Living Affordability in Singapore by Income Groups
The standard measure of cost of living is the consumer price inflation measured by changes in the Consumer Price Index (CPI). The CPI captures prices of a given basket of consumer goods and services. Consumer price inflation itself does not indicate whether living affordability has been improving or not. Affordability by definition requires an assessment of expenditure in relation to income. The often used indicators like real income or real wages are also not complete indicators of living affordability. A low income household, for example, may have to spend all its real income to sustain a certain relative standard of living. The most informative way to assess living affordability, therefore, is to examine the trends of household consumption expenditure relative to household income for different income groups and for different expenditure categories. A steady increase in the expenditure-income ratio (EIR) indicates deteriorating affordability. However, a steady drop in the EIR may not necessarily mean improving affordability. Income in this exercise refers to income from work.

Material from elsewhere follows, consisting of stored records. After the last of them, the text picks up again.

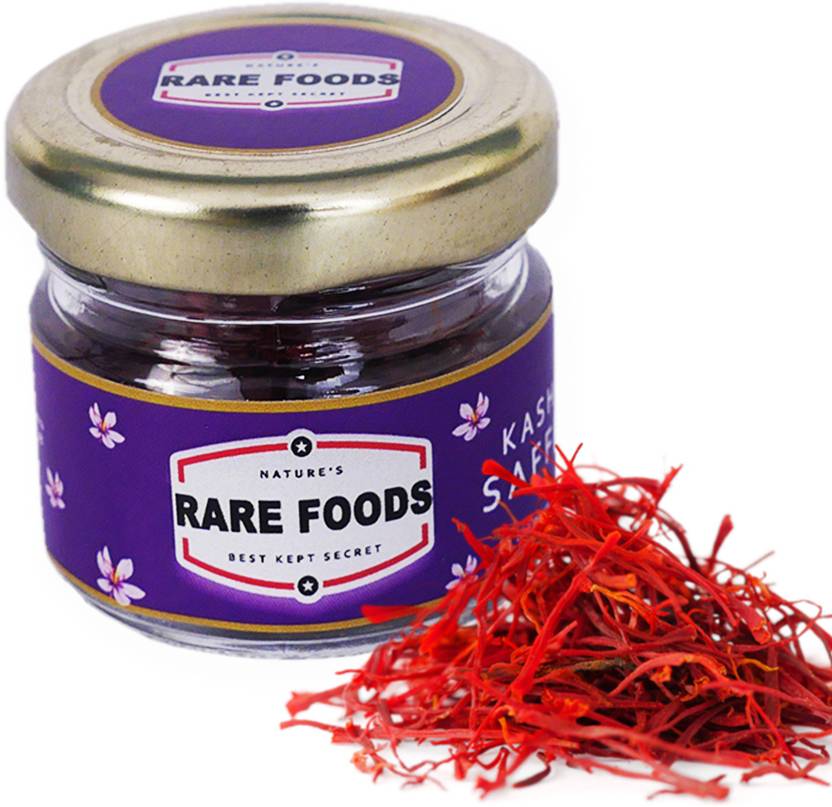Rare Foods Saffron Kashmir Original 1gm Kashmiri Mongra Saffron / Kumkuma Puvvu / Keshar / Kesar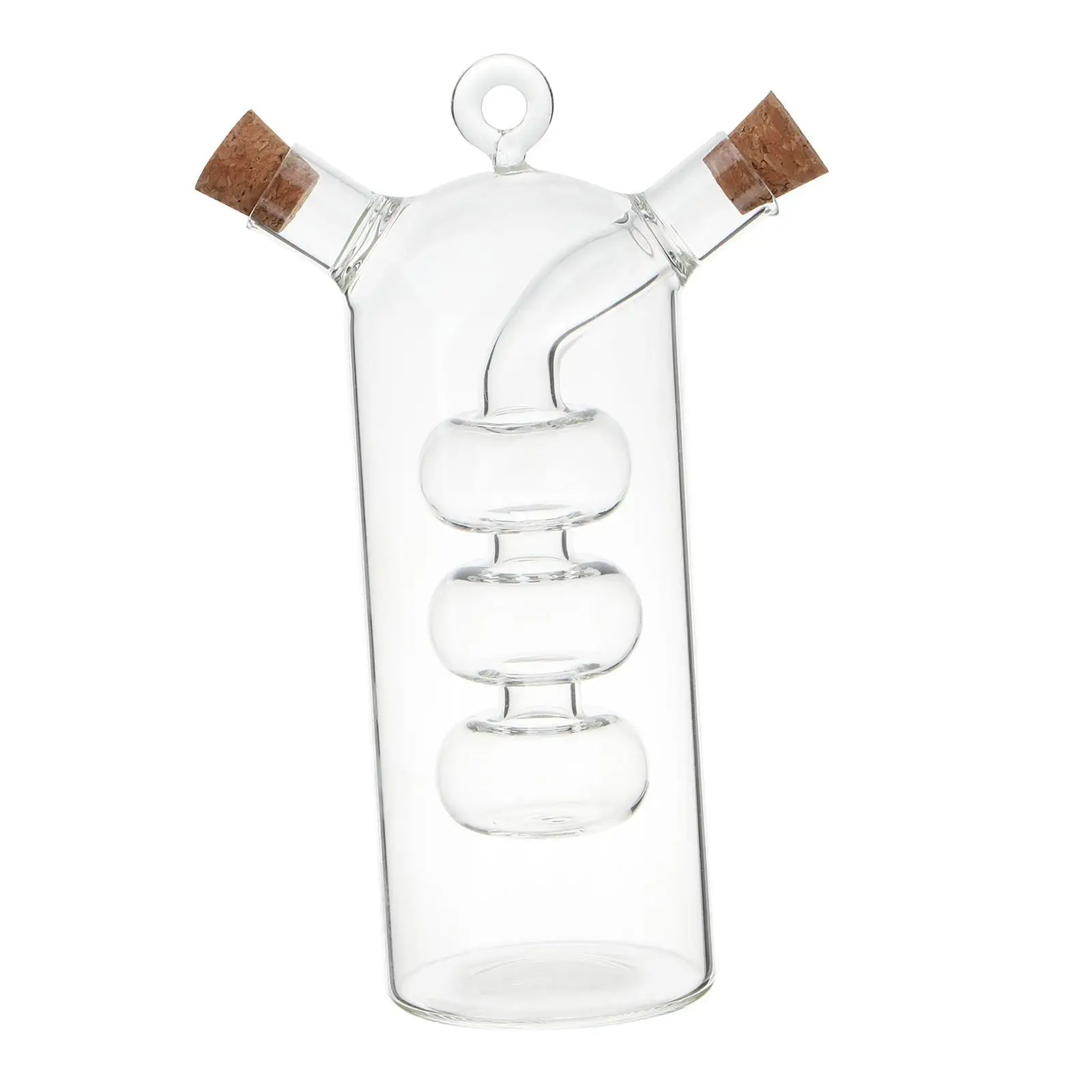 Glass Oil Bottle Leakproof Multipurpose Portable Refillable Soy Sauce Oil Carafe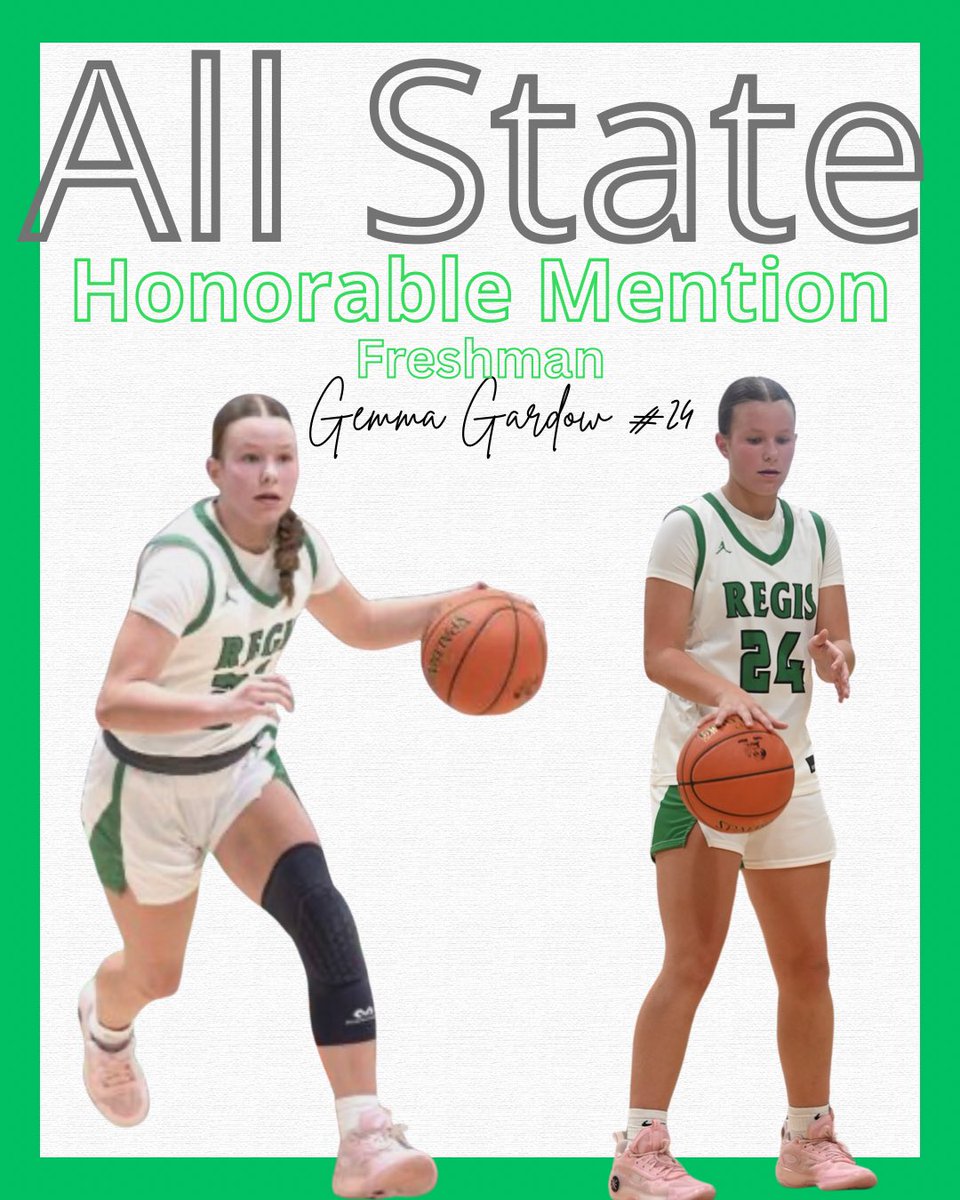 RegisGBB's tweet photo. Congratulations to our lady ramblers making all-state!
@CooperEllamay First team
@GGardow24 Honorable mention
#95%
#onthebus
#weareregis
#handlehardbetter https://t.co/sUnpcrxAdv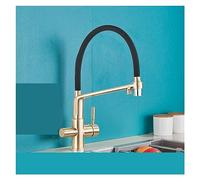Filtered Kitchen Faucets Schwarz Weiß Pull Down 360° Mixer Tap Pure Water Faucet for Filtered Kitchen Water Premium Quality Easy Installation Modern Design LWX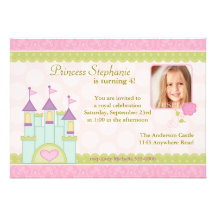 Princesa Castle Photo Birthday Invitation Invitacion Personalizada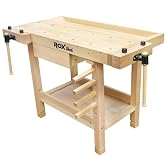 Rox Wood 0111 Two Vise Hobby Wood Carved Carpenter Workbench 106 cm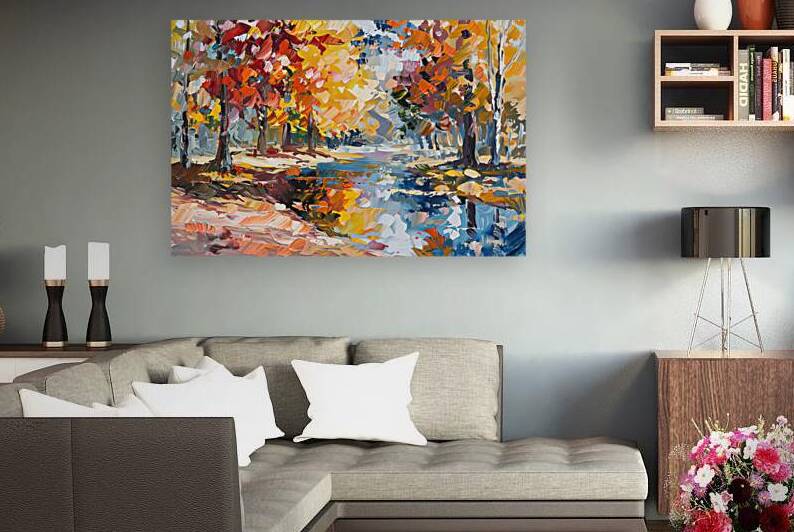 Autumn River Glow H3N9P2 45 by Abstract Rebellion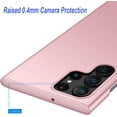 thumbnail image 3 of Case for Samsung Galaxy S22 Ultra Phone Case Protective Slim [Defend from Scratch/Slip/Drop/Fingerprint] Matte PC Hard Minimalistic Phone Cover for Samsung Galaxy S22 Ultra-Pink, 3 of 12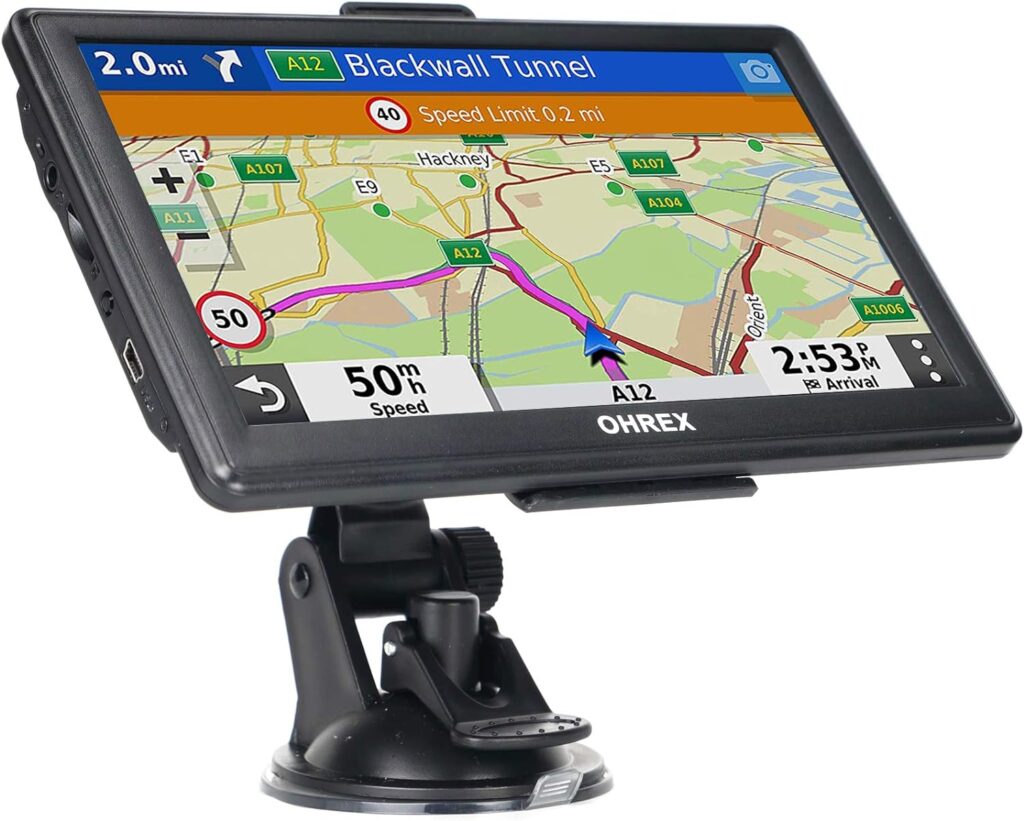 N700 GPS Navigation for Car Truck RV, GPS Navigator with 7 inch, 2024 Maps (Free Lifetime Updates), Truck GPS Commercial Drivers, Semi Trucker GPS Navigation System, Custom Truck Routing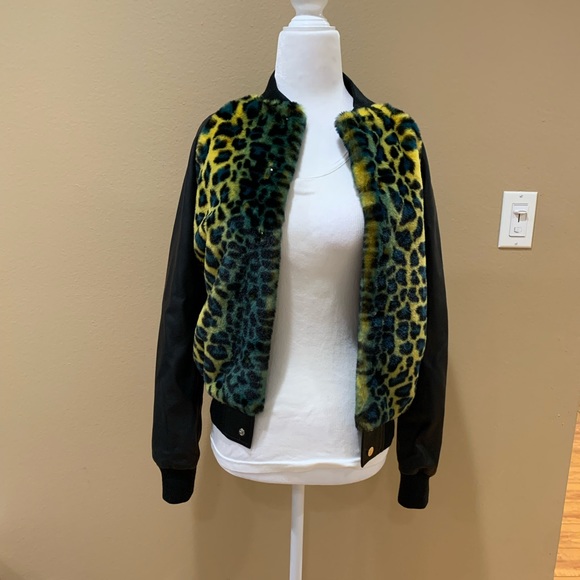 MOTHER Letterman leopard bomber jacket - Picture 3 of 13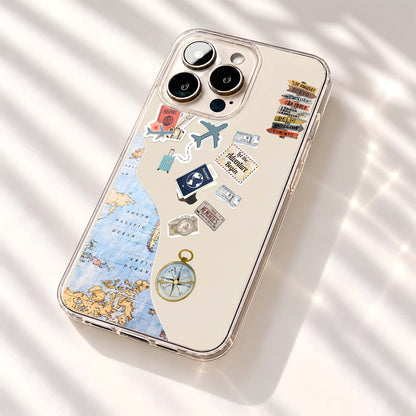 World Travel Memories Clear Silicon Cover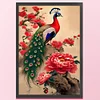 Peacock - 9CT Full Beaded Cross Stitch Kit(40x74cm)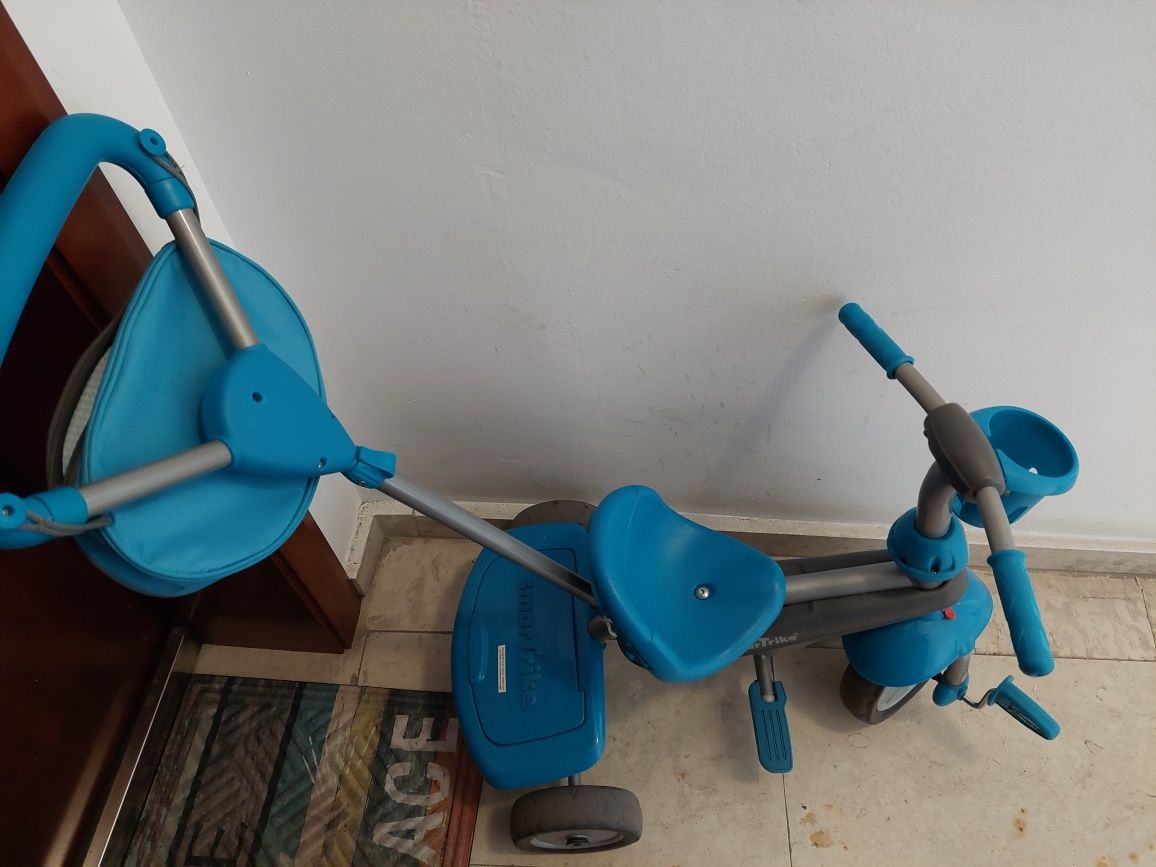 Триколка smarTrike 4-в-1 Swing DLX, сивo/синя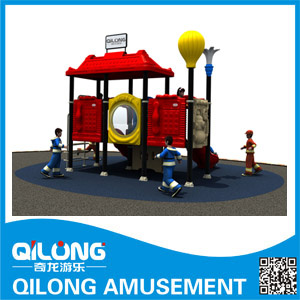 2014 Enjoyable Kids Playground Equipment Slides (QL14-028A)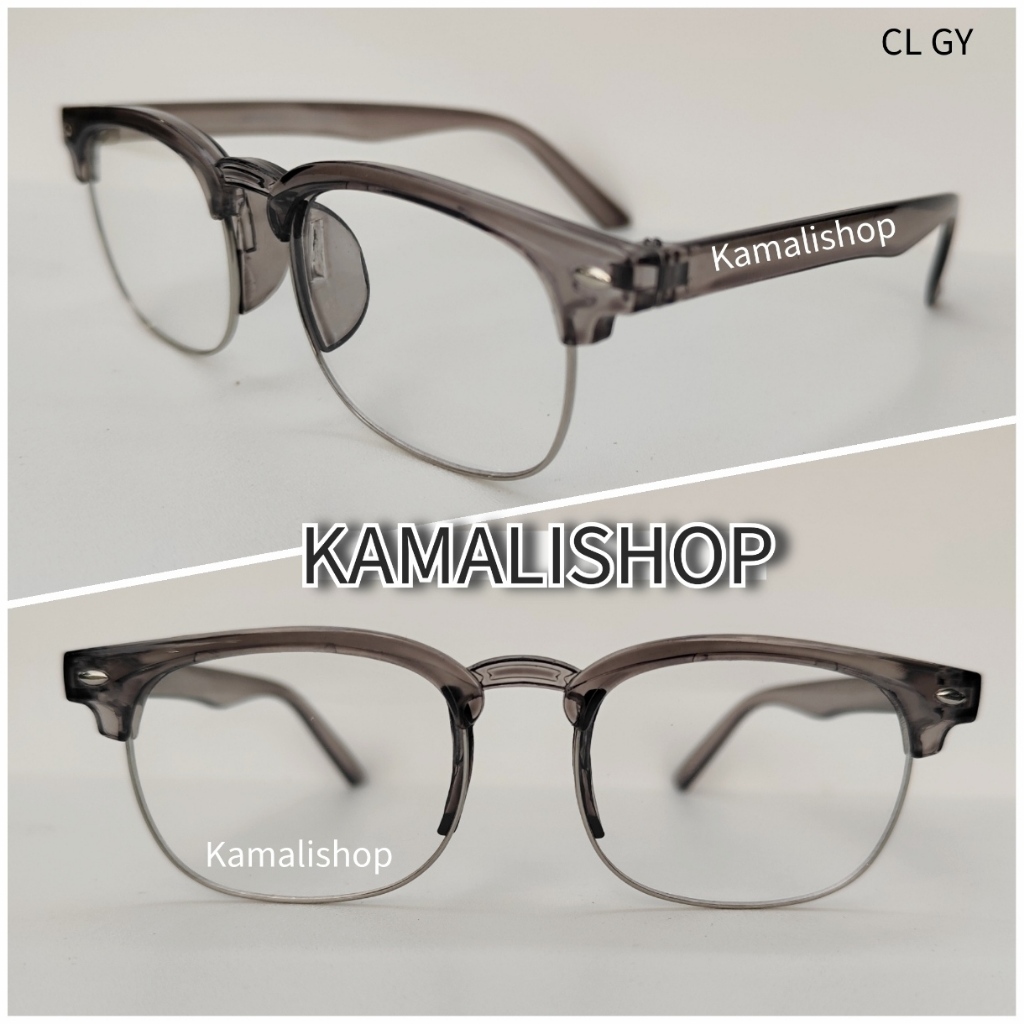 Kacamata ClubMaster Kacamata Bening Clear Windproof Kacamata Oval Fashion Trendy Pria Wanita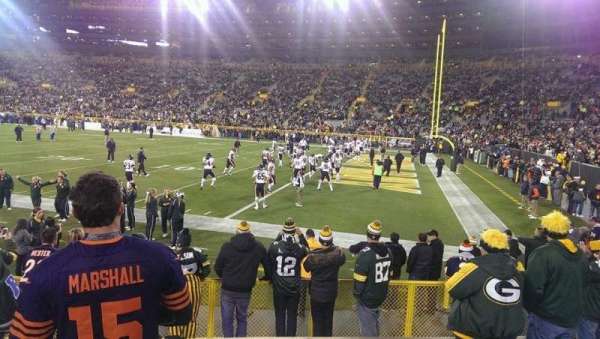 Lambeau Field, section: 109, row: 8, seat: 7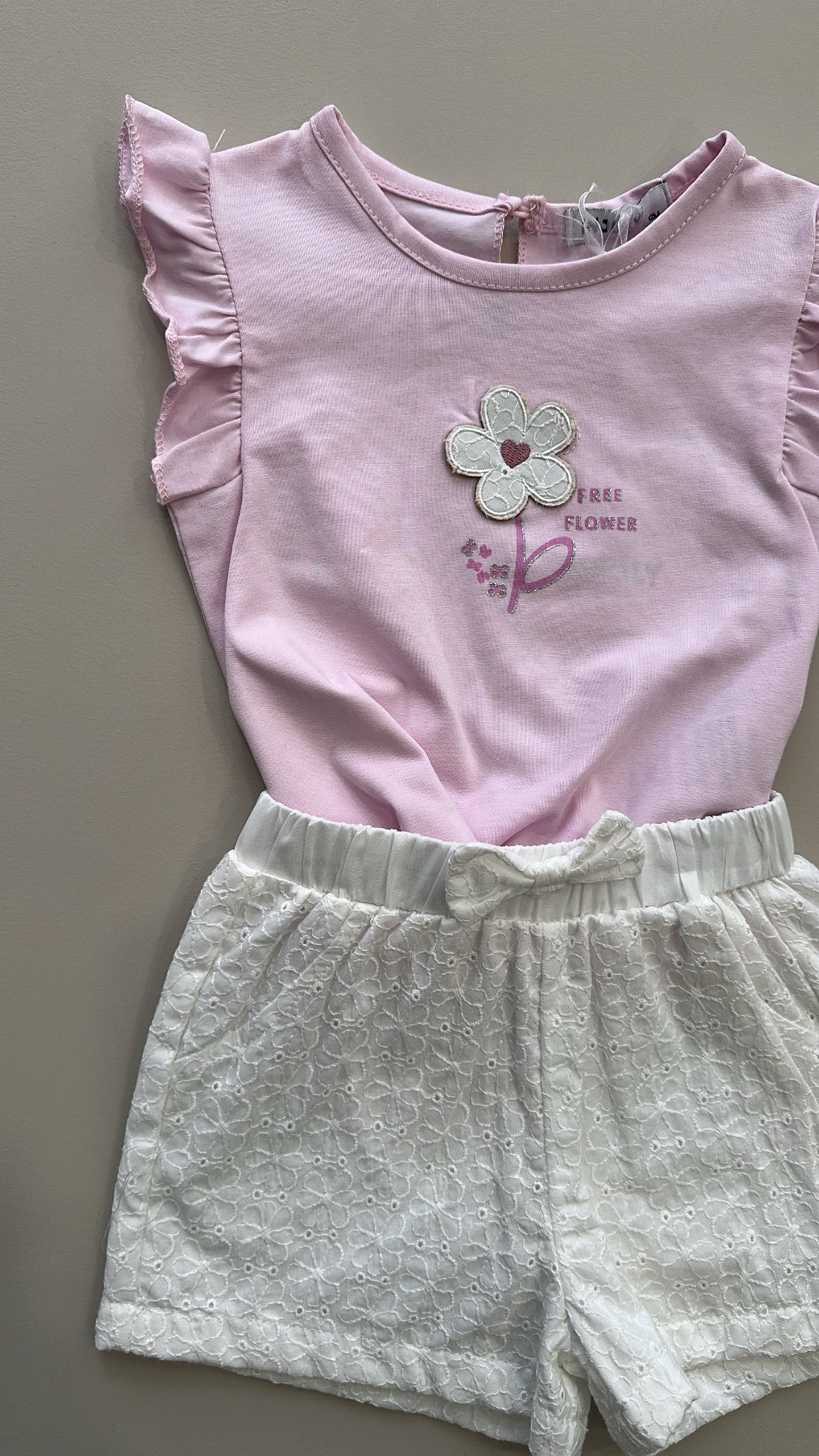 Completo FREE FLOWER 12-36M - LILLA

Overall resident household expenditure-income ratio has trended downward. This may not necessarily mean improving living affordability if households save more in anticipation of lumpy expenditures such as housing, healthcare and children’s education in a rising cost environment. They do so by cutting on flexible expenditures.
The lowest 30% of the income ladder show expenditures more than their incomes. This indicates that government transfers play a key role for these households.
Currently a median income household spends about 80% of its income on consumption and those in the 81st-90th income percentile spend about 40%.
Housing, health and transport stand out as rising expenditures relative to income. Housing EIRs have trended upward across all income groups and housing consumes the largest proportion of income. Health EIRs have remained remarkably below 6% for those above the bottom income decile.
Education expenditures of higher income groups have increased whereas that of the bottom 20% of the income ladder remained the same or declined. This needs further analysis.
Clothing and footwear spending seems to take a tumble during economic downturns.
Contrary to initial expectations, expenditure on recreation and culture has declined resulting in a sharp decline in the corresponding EIRs. This is consistent with saving in anticipation of large and lumpy expenditures.